Look through the entries below for the line with "For instance, with" and the line with "I am going to", then give again exactly those two lines and all lines between them, minus the pictures.

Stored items

━━━━━━━━━━━━━━━━━━━━━━━━━━━━━━

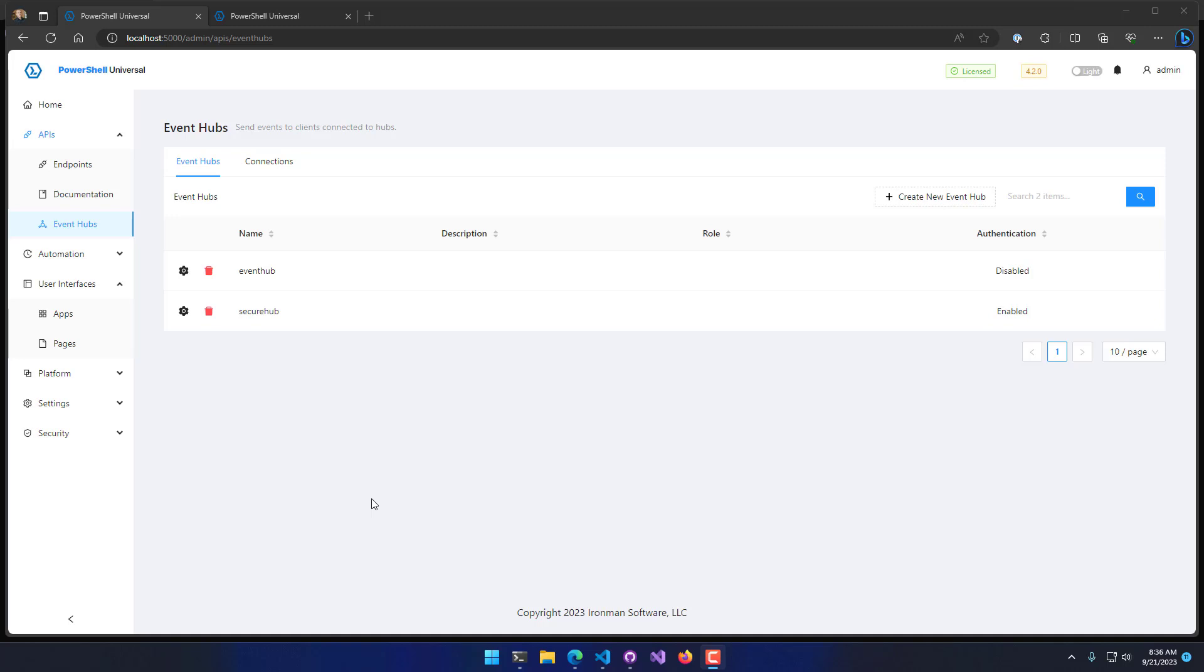In this video, we're going to look at PowerShell Universal Event Hubs. Event Hubs allow you to send events from the server down to connected clients. This allows you to actually run local PowerShell script when interacting with the PowerShell Universal server.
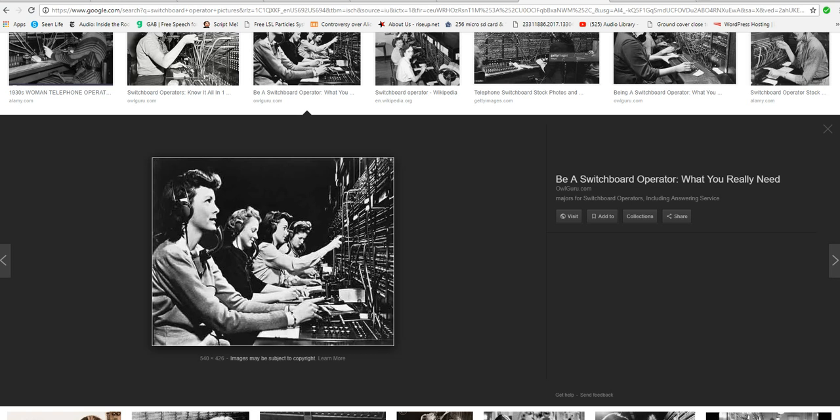So, Joe Blow calls up, says I want to make a long distance phone call to Sam Schmuck. Alright. Well, for some reason Sam Schmuck has been blacklisted. You're not supposed to call him. So Joe Blow tries to call up Sam Schmuck. And the operator says, I'm sorry, we cannot reach that number.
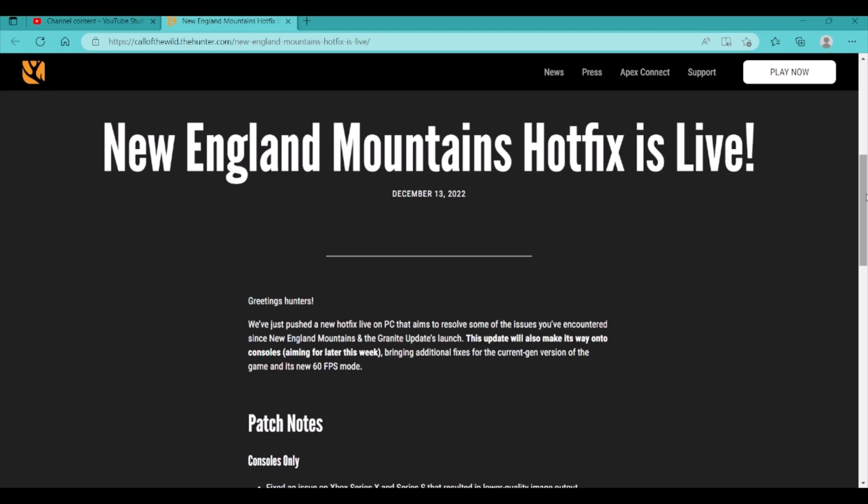Hey guys, so we're back on the Hunter Call of the Wild, and today we're going to be taking a look at the New England Mountains hotfix. They're coming out with a hotfix right now, it's actually out on PC right now, and it's going to be coming to consoles very soon. We're just going to go through the list here and just kind of talk about some things.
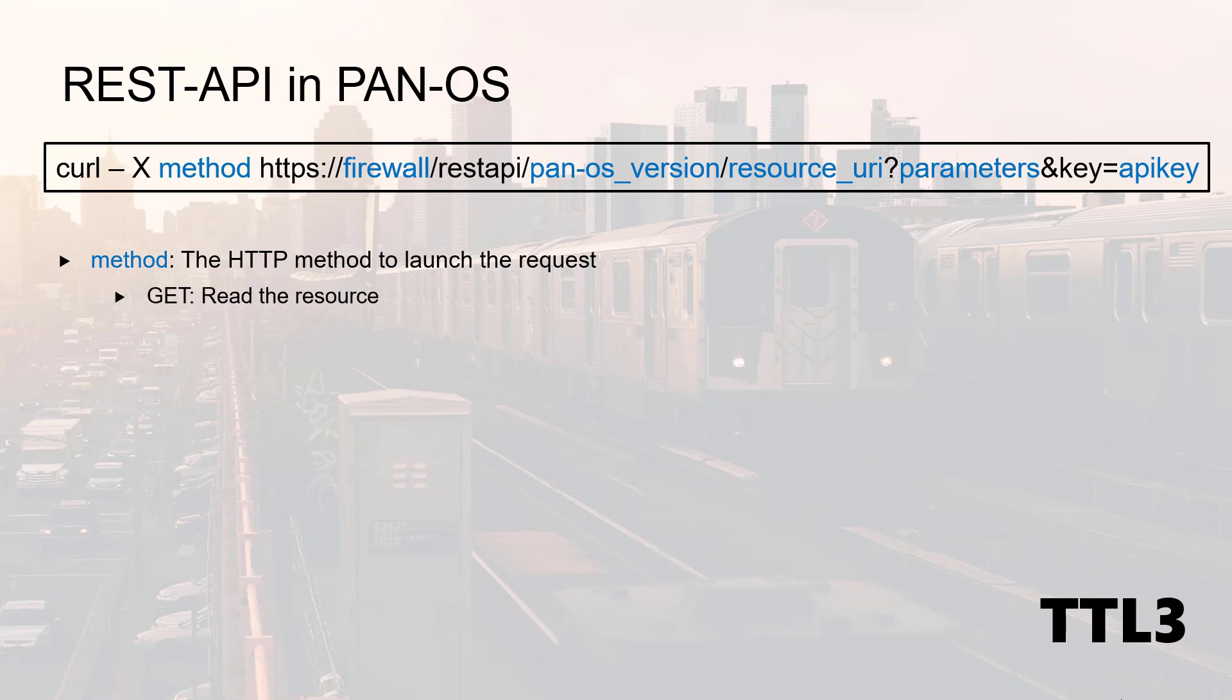For instance, with an HTTP GET you can read objects or policies. With an HTTP POST you can create them, and with an HTTP DELETE you can remove them. For your information, other methods are available to do much more than that.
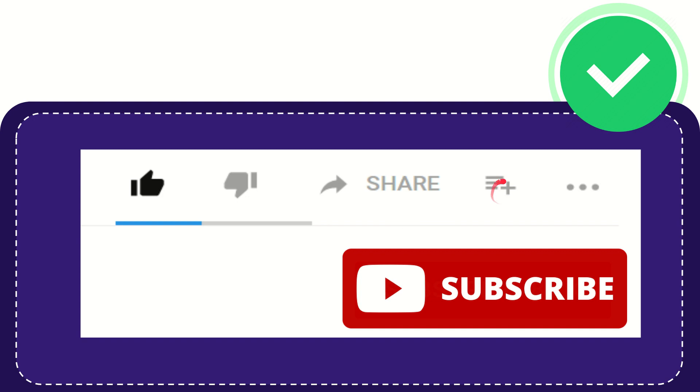You can watch this video later and you can find more options by clicking these three dots and yeah don't forget to subscribe. I think that's all of it. Thank you so much for watching this video and see you again in another video. Bye-bye. See you again.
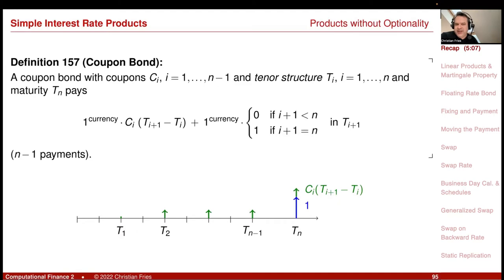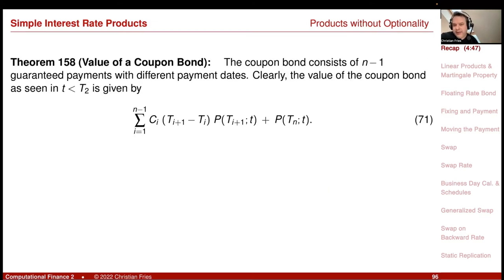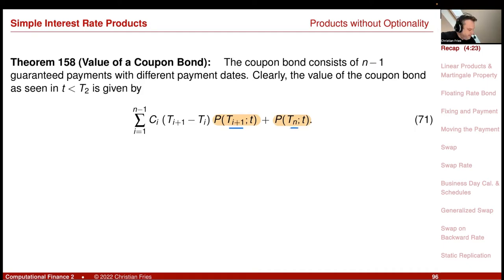Our first generalization is the coupon bond. It pays coupons, which are just constants. So here this C_i is just a constant — nothing is stochastic. You can just consider it as a portfolio of zero coupon bonds. So we immediately arrive at the valuation that the value is just the value of the corresponding portfolio of zero coupon bonds. Each coupon is multiplied with the corresponding zero coupon bond taken at the corresponding payment time observed at the evaluation time, little t.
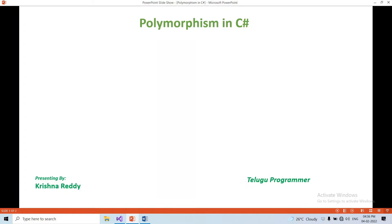Hi guys, welcome back to Tilghu Programmer channel. Today we are going to talk about the concept of polymorphism in C#. This is a continuation of the previous video.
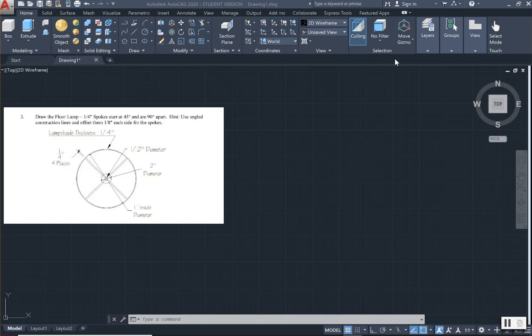I am going to be demonstrating how to complete exercise three from chapter three. It is asking us to draw a floor lamp in plan view. The directions tell us we have quarter-inch spokes that start at a 45-degree angle and are 90 degrees apart from each other. The hint suggests using angled construction lines, then offsetting them one-eighth of an inch on each side of the spokes to achieve the quarter-inch width. We want to keep this in mind when we begin to draw the spokes, which are the items that crisscross each other.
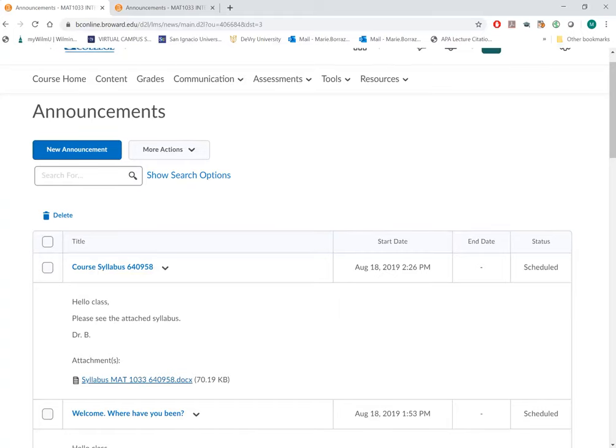Welcome to MAT 1033. The purpose of this video is to provide you an audio-visual of what is available to you, which may be quicker than you searching on your own.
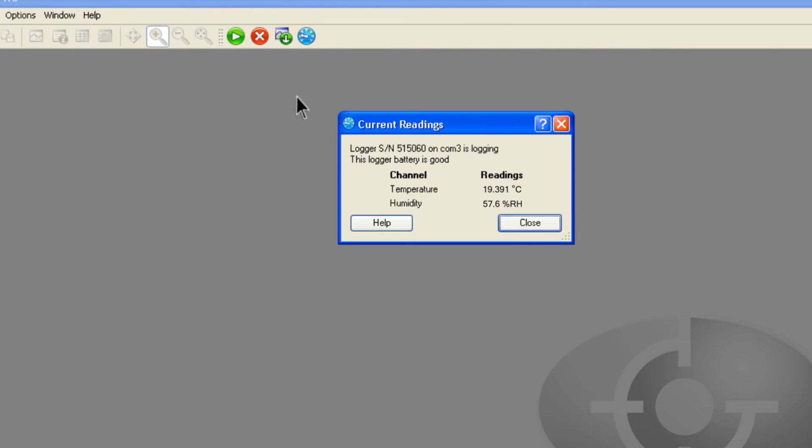If you just want to spot check the logger's current readings, there is an option to do this. A pop-up window will open showing the logger's current readings and battery status, which will be regularly refreshed.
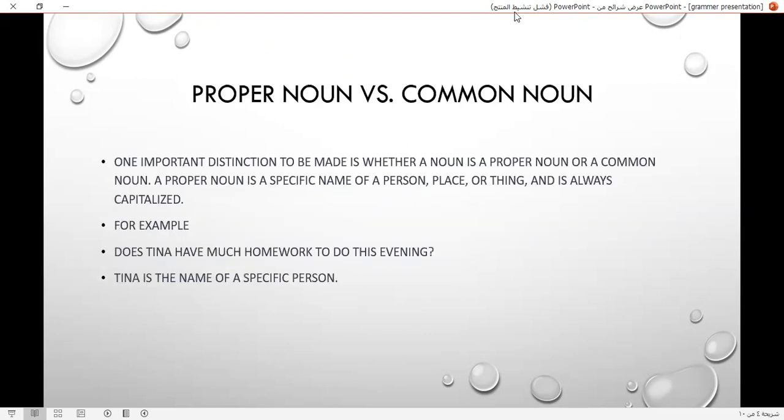Proper noun versus common noun. One important distinction to be made is whether a noun is a proper noun or a common noun. A proper noun is a specific name of a person, place, or thing, and is always capitalized. For example, does Tina have much homework to do this evening? Tina is the name of a specific person — it's a proper noun.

━━━━━━━━━━━━━━━━━━━━━━━━━━━━━━

- [Written solution]:
For instance, with an HTTP GET you can read objects or policies. With an HTTP POST you can create them, and with an HTTP DELETE you can remove them. For your information, other methods are available to do much more than that.
You can watch this video later and you can find more options by clicking these three dots and yeah don't forget to subscribe. I think that's all of it. Thank you so much for watching this video and see you again in another video. Bye-bye. See you again.
Our first generalization is the coupon bond. It pays coupons, which are just constants. So here this C_i is just a constant — nothing is stochastic. You can just consider it as a portfolio of zero coupon bonds. So we immediately arrive at the valuation that the value is just the value of the corresponding portfolio of zero coupon bonds. Each coupon is multiplied with the corresponding zero coupon bond taken at the corresponding payment time observed at the evaluation time, little t.
Hi guys, welcome back to Tilghu Programmer channel. Today we are going to talk about the concept of polymorphism in C#. This is a continuation of the previous video.
I am going to be demonstrating how to complete exercise three from chapter three. It is asking us to draw a floor lamp in plan view. The directions tell us we have quarter-inch spokes that start at a 45-degree angle and are 90 degrees apart from each other. The hint suggests using angled construction lines, then offsetting them one-eighth of an inch on each side of the spokes to achieve the quarter-inch width. We want to keep this in mind when we begin to draw the spokes, which are the items that crisscross each other.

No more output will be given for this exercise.